By Fernando Lovato and Javi Vázquez (Sosterra)

Perhaps what now defines the moment in which we live is the fact of consumption. We can´t live without consuming, it’s at the center of our existence. Consumption is completely simple. You can consume when you’re one year old or 99 years old; you can consume through any medium because there is an infinity of channels that reach you with the sole objective of selling you something, and you´re life sometimes is simpler and happier if you´re able to consume… Consumption is a way of life- is it something that we’ve chosen? Can we live in a different way? What impact does the very fact of life, that’s to say, consumption, have for other people? Farther than your own belly button, what happens when you buy a certain product in a certain place? Do you know what happens? Do you know what’s behind it all? Do you know who produced it? Do you know what the channels are?  Do you know who has worked so that you can take advantage of a sale? Behind all of this, independent from the service or the product that you buy, if you dedicate a little time to a creating a reflective space and if on top of that you do it with other people and you share it, well, perhaps you´re able to change the way you consume to something a little simpler that you could do alone at home….
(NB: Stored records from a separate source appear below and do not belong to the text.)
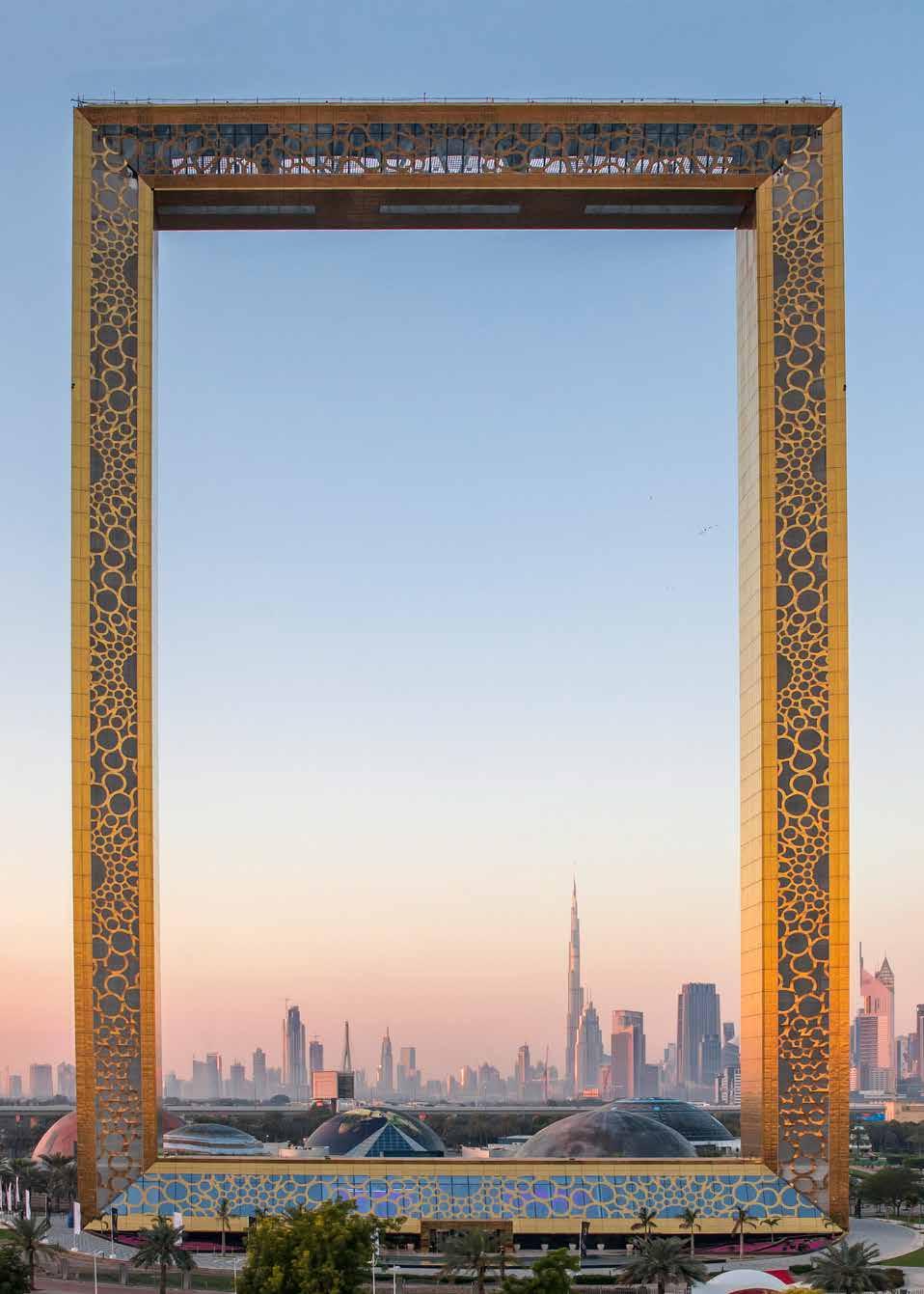 THE HUB REPORT 01 RESEARCH KEY FINDINGS OVERALL, DUBAI S STATUS AS A GLOBAL HUB WILL CONTINUE TO STRENGTHEN GIVEN ITS EXTENSIVE CONNECTIVITY, STRONG ECONOMIC PROSPECTS, LOW TAX SYSTEM AND SAFE HAVEN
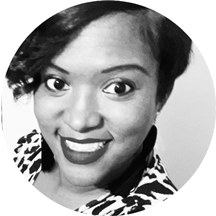 LaEartha Banks, LPC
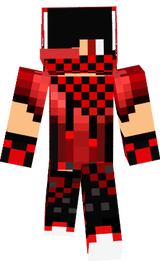 fire creaper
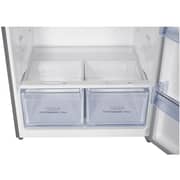 Hisense Top Mount Refrigerator 830 Litres RT3N635NAD4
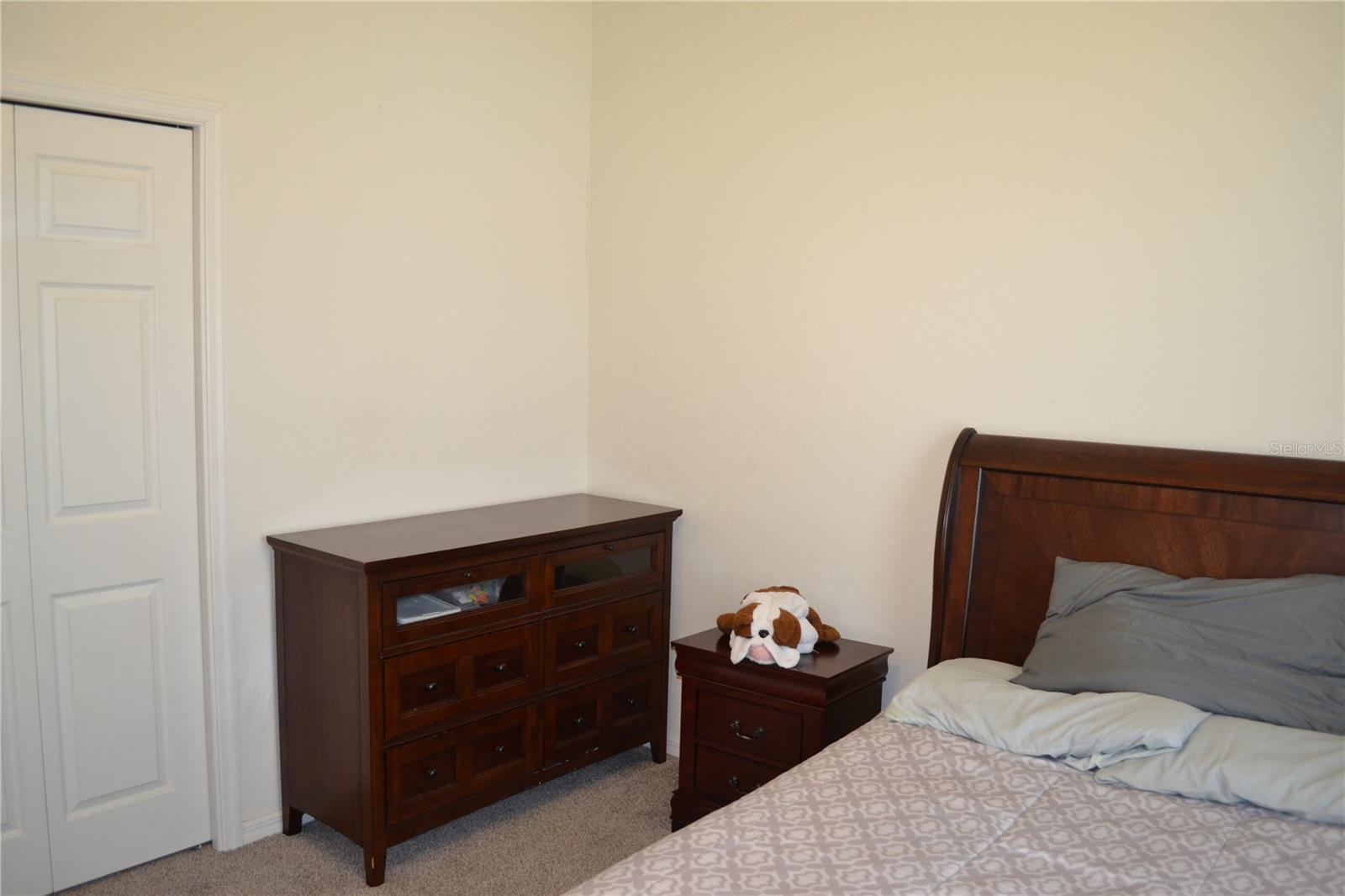 2828 Blackwater Creek Dr Property Photo 49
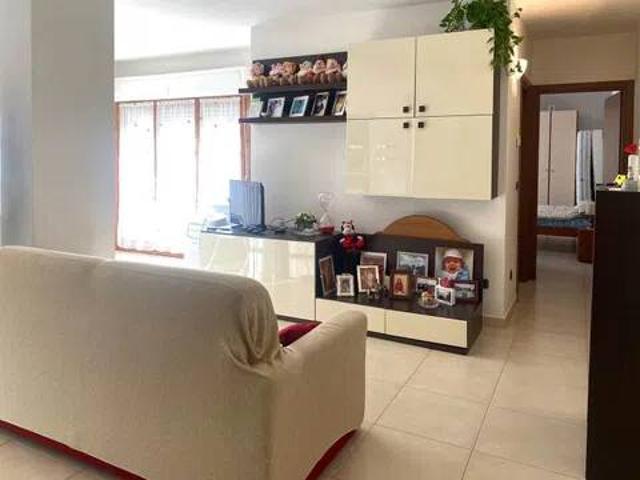 Appartamento in vendita a Aulla, Massa-Carrara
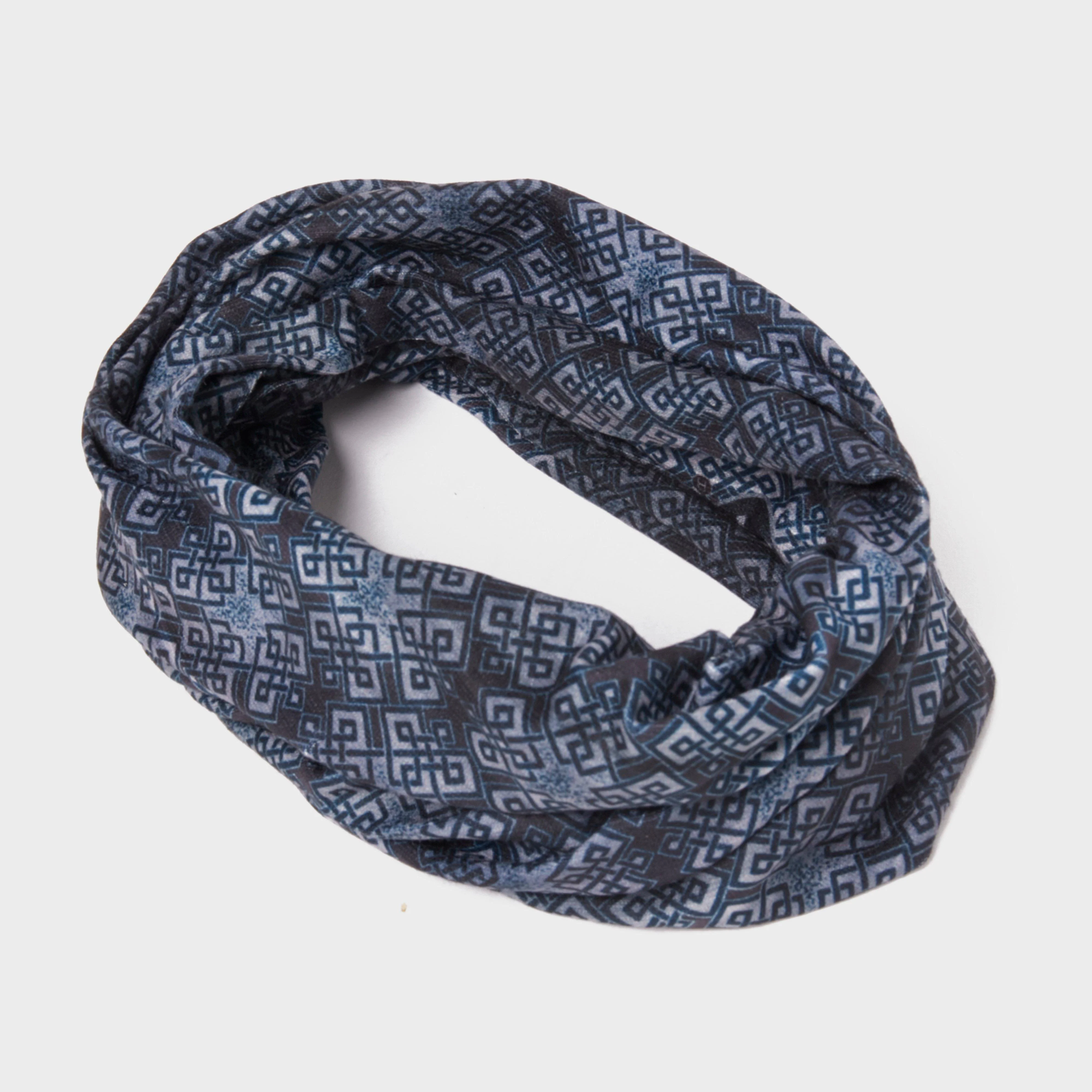 New Original BUFF® - Image 3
Critical consumption reminds us that “consumption” is also a right that has been taken away from us….

Yes, that’s what critical consumption is about. When we talk about what rights and obligations have been taken away from us or which rights we have to demand back or reformulate, we’re talking about how, in terms of consumption, every person is a consumer and, therefore, we all have rights relating to consumption and we have the right to decide what we consume. We have the right to decide if we plant one crop or the other in our communities, even if we don’t consume it, and decide if what livestock we want to raise. These rights have been taken away from us, those decision are made in other spheres that are not our own and it affects us directly. We have the right to decide whether if on our lands there will be fracking or whatever. These rights aren’t there anymore, they’ve been taken away from us and we’ve taken them for lost. Of course every right comes with responsibility. Therefore, the commitments that we’re willing to make in order to demand these rights and responsibilities are very important. And that’s what we’re talking about when we talk about critical consumption, that’s to say, we all consume and know that consumption is capitalism’s tool to dominate us, and we should take it back. Consumption is ours, we decide among ourselves what to consume and in turn what commitments we take on.